About this exercise => Without pictures, return the lines from the one containing "広島市現代美術館周辺の駐車場・コインパーキング一覧地図" through the last line of the data below, exactly.

(Short text fragments from websites)

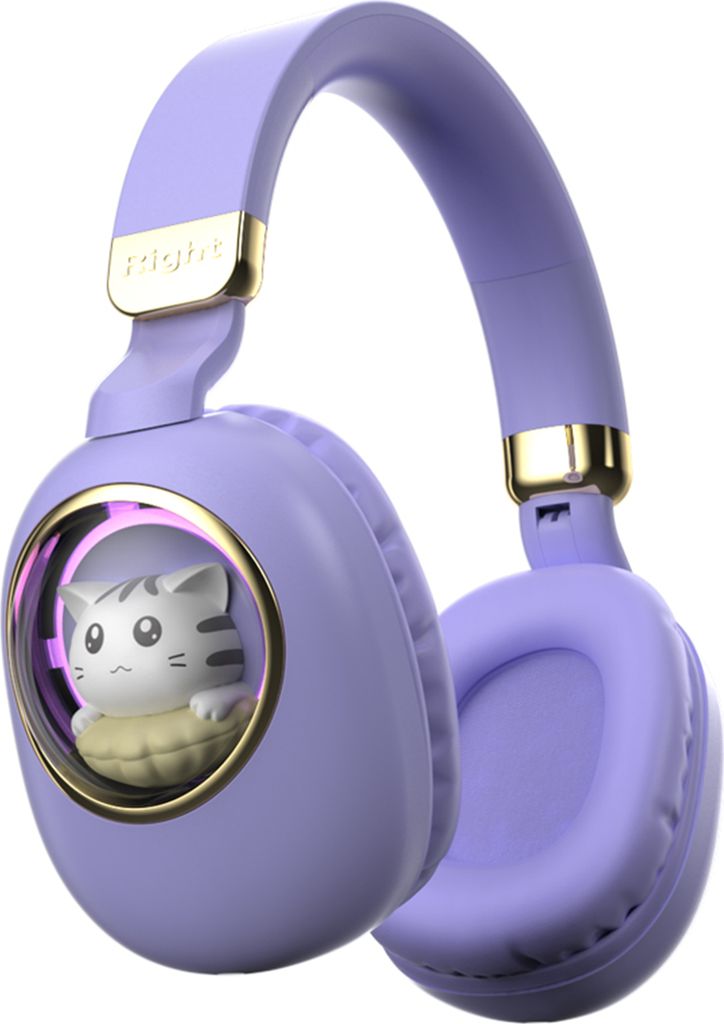 Kabellose Kopfhörer, Bluetooth 5.3, Gaming-Headset-Unterstützung, AUX IN, coole bunte Atmosphäre, Licht, einziehbarer Kopfbalken, faltbare Aufbe...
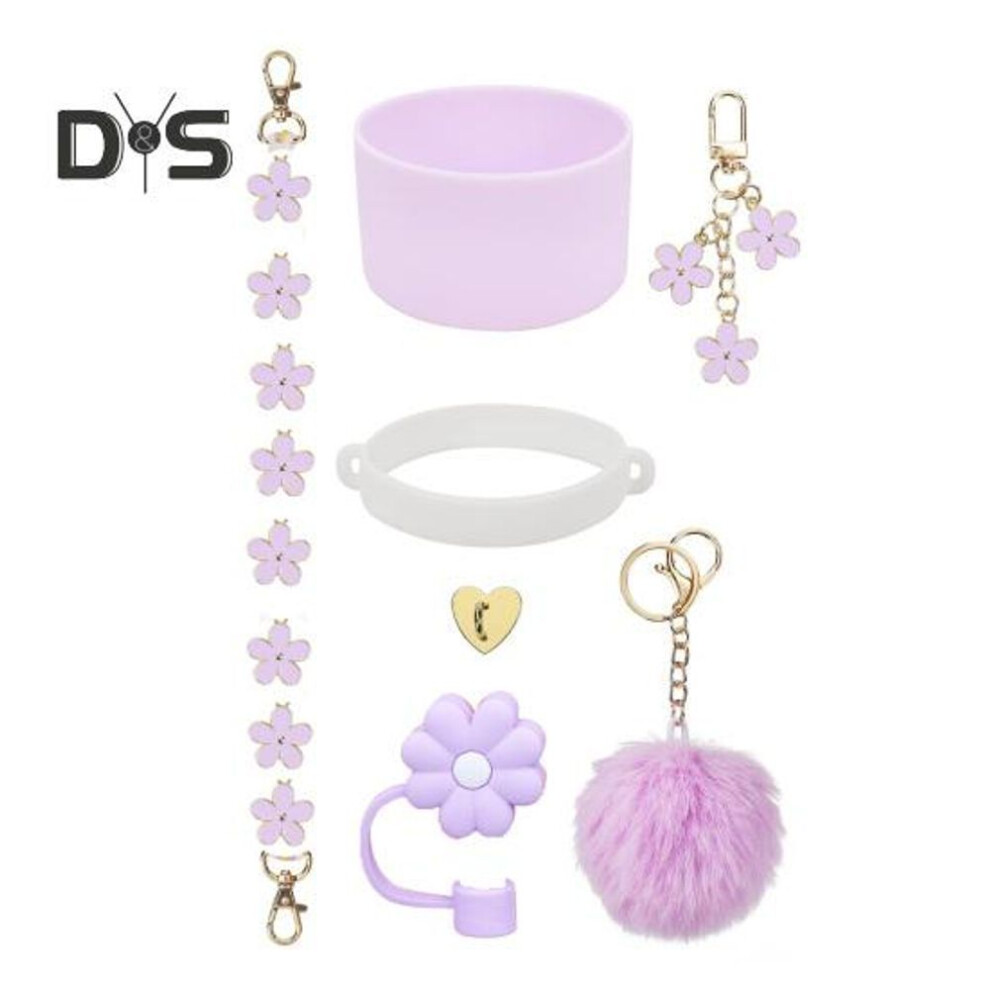 (purple) 7 Pcs/set Cup Chain Cup Decoration Accessories Cartoon Flower Safety Loop Buckle Straw Cover Coaster Pendant Water Bottle Ornament Set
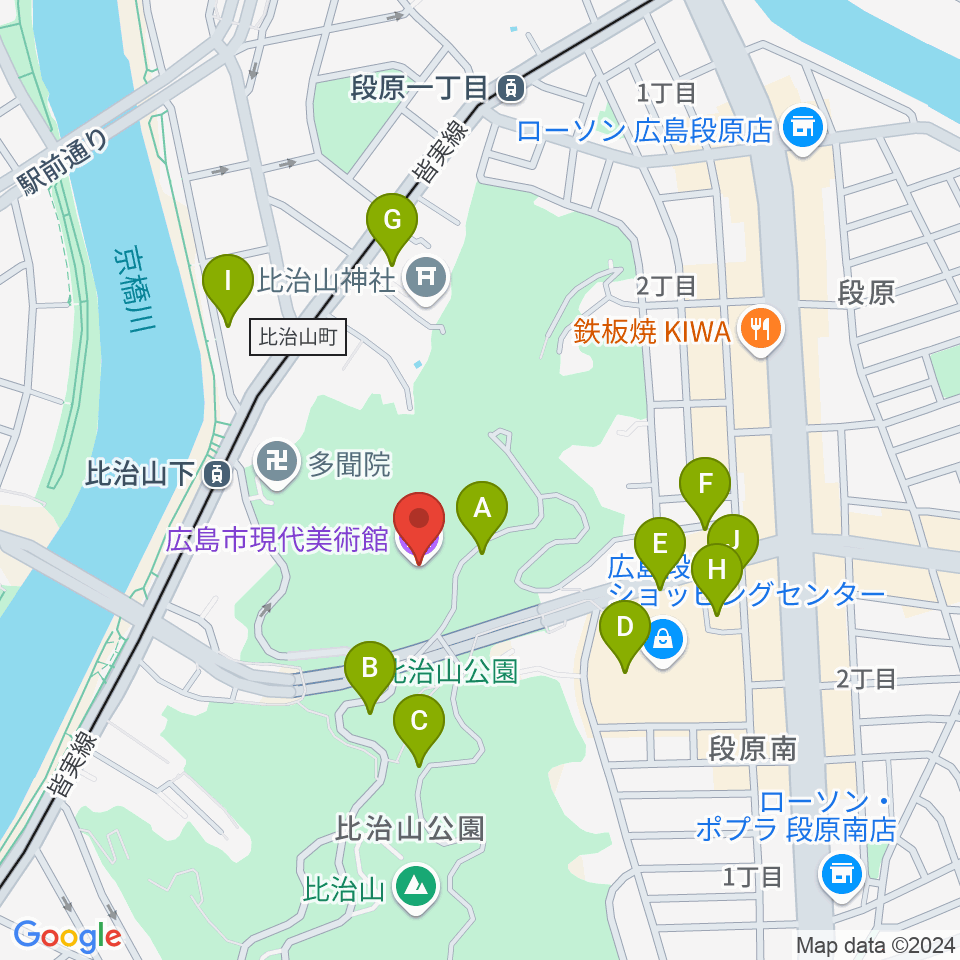 広島市現代美術館周辺の駐車場・コインパーキング一覧地図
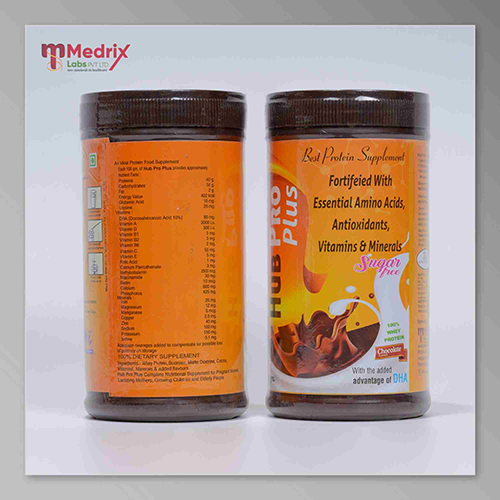 Product Name: HUB PRO PLUS , Compositions of are Fortifeied  with Essential Amino Acids, Antioxidants, Vitamin & Minerals  - Medrix Labs Pvt Ltd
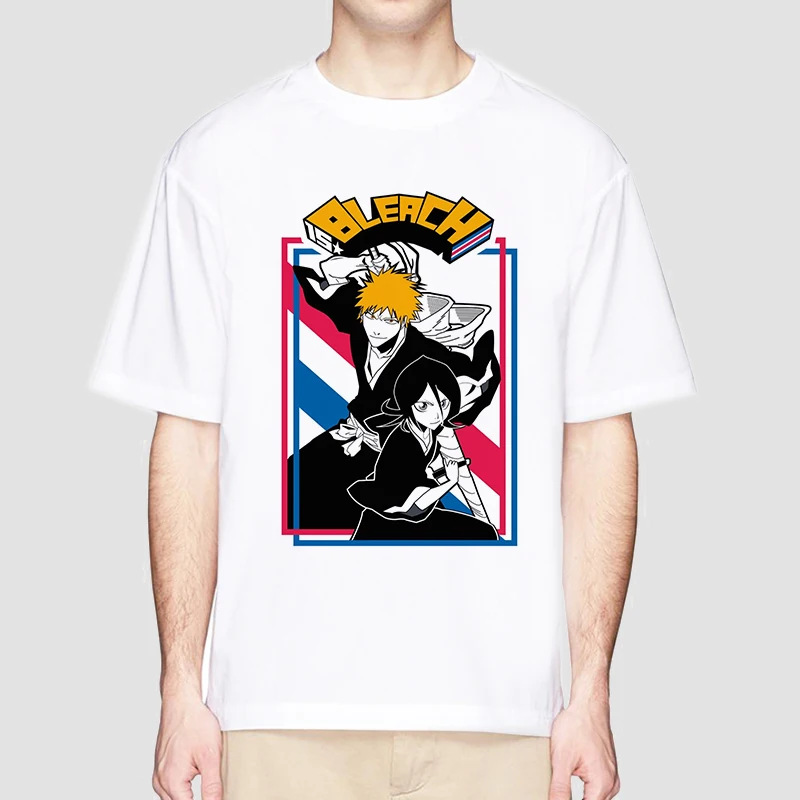 Anime Bleach T Shirt for Men Ichigo Graphic T Shirts White Japanese Harajuku Fashion Casual O-Neck Short Sleeve Tee Summer Top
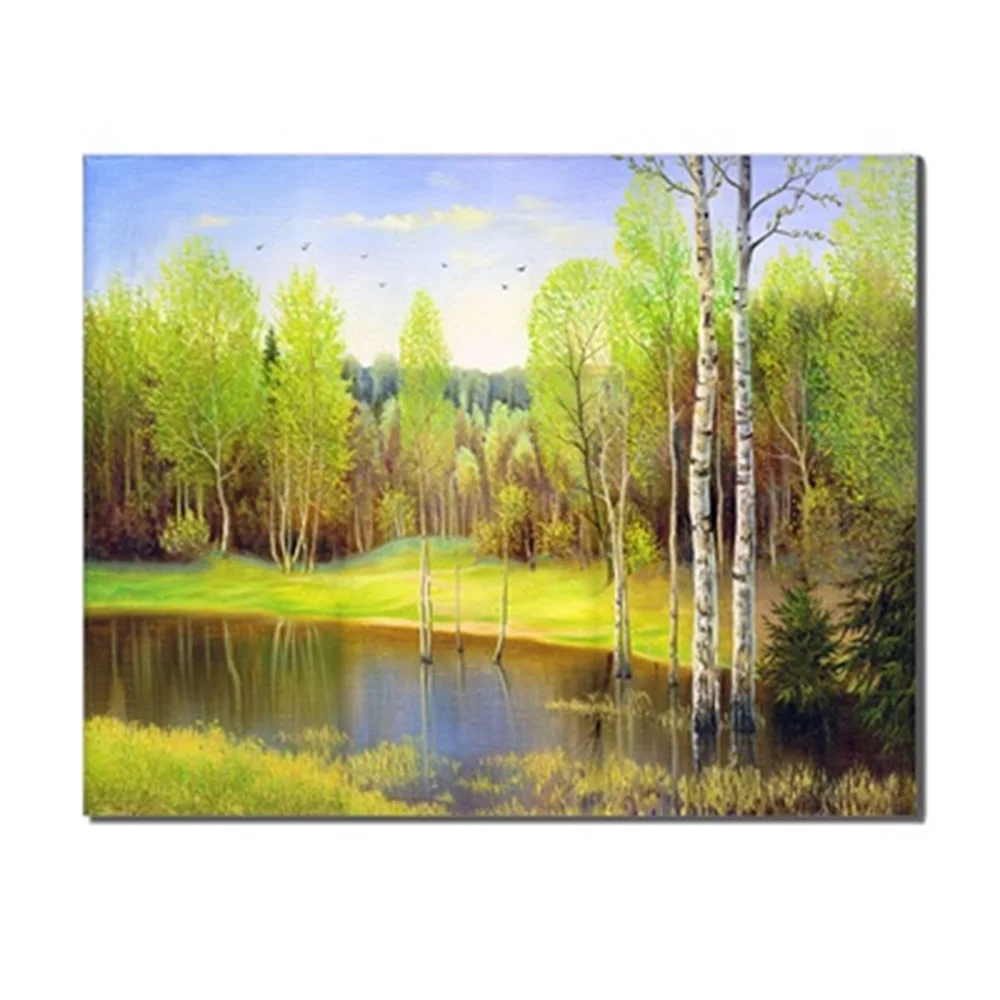 

Green Fresh River Forest Scene No Frame Canvas Oil Painting Poster Picture Living Room Kids Room Wall Art Printed For Home Decor
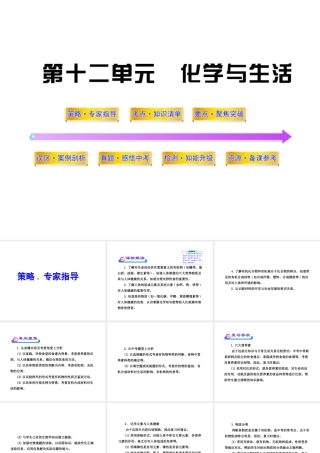 2012年中考化学第一轮复习 第十二单元 化学与生活课件 人教新课标版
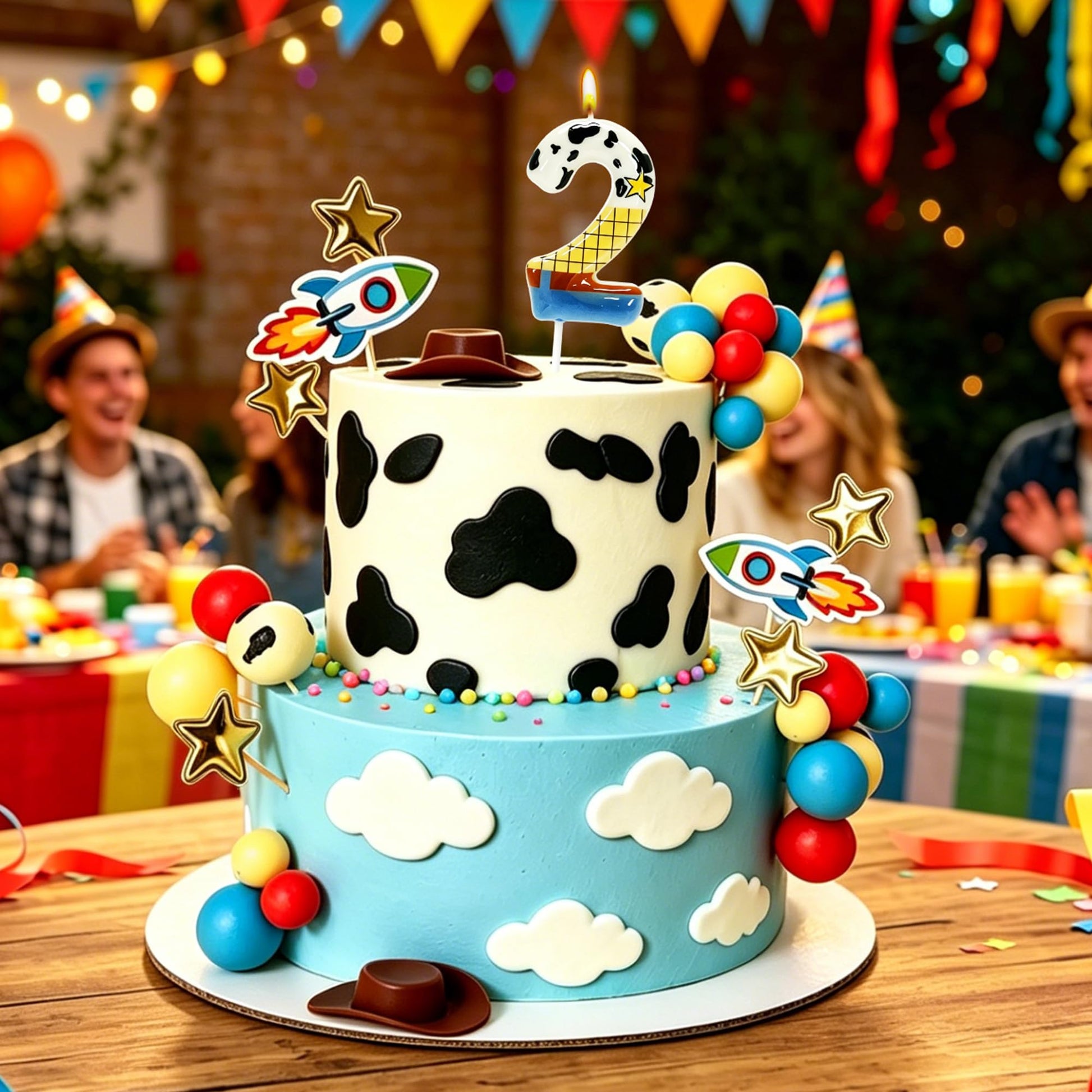Two Infinity and Beyond Cartoon Story Cake Toppers Set - Space Cowboy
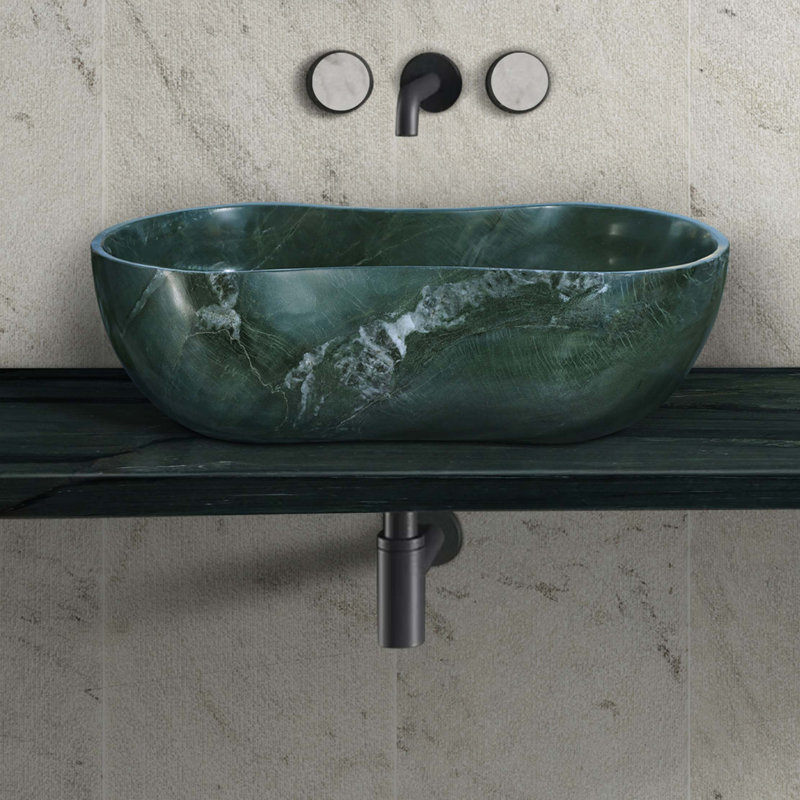Bathroom Vessel Sink, Polished Surface, Natural Stone, Genuine Marble, Real Marble, Green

Answer section =>
 広島市現代美術館周辺の駐車場・コインパーキング一覧地図
 Product Name: HUB PRO PLUS , Compositions of are Fortifeied  with Essential Amino Acids, Antioxidants, Vitamin & Minerals  - Medrix Labs Pvt Ltd
 Anime Bleach T Shirt for Men Ichigo Graphic T Shirts White Japanese Harajuku Fashion Casual O-Neck Short Sleeve Tee Summer Top

Green Fresh River Forest Scene No Frame Canvas Oil Painting Poster Picture Living Room Kids Room Wall Art Printed For Home Decor
 2012年中考化学第一轮复习 第十二单元 化学与生活课件 人教新课标版
Two Infinity and Beyond Cartoon Story Cake Toppers Set - Space Cowboy
Bathroom Vessel Sink, Polished Surface, Natural Stone, Genuine Marble, Real Marble, Green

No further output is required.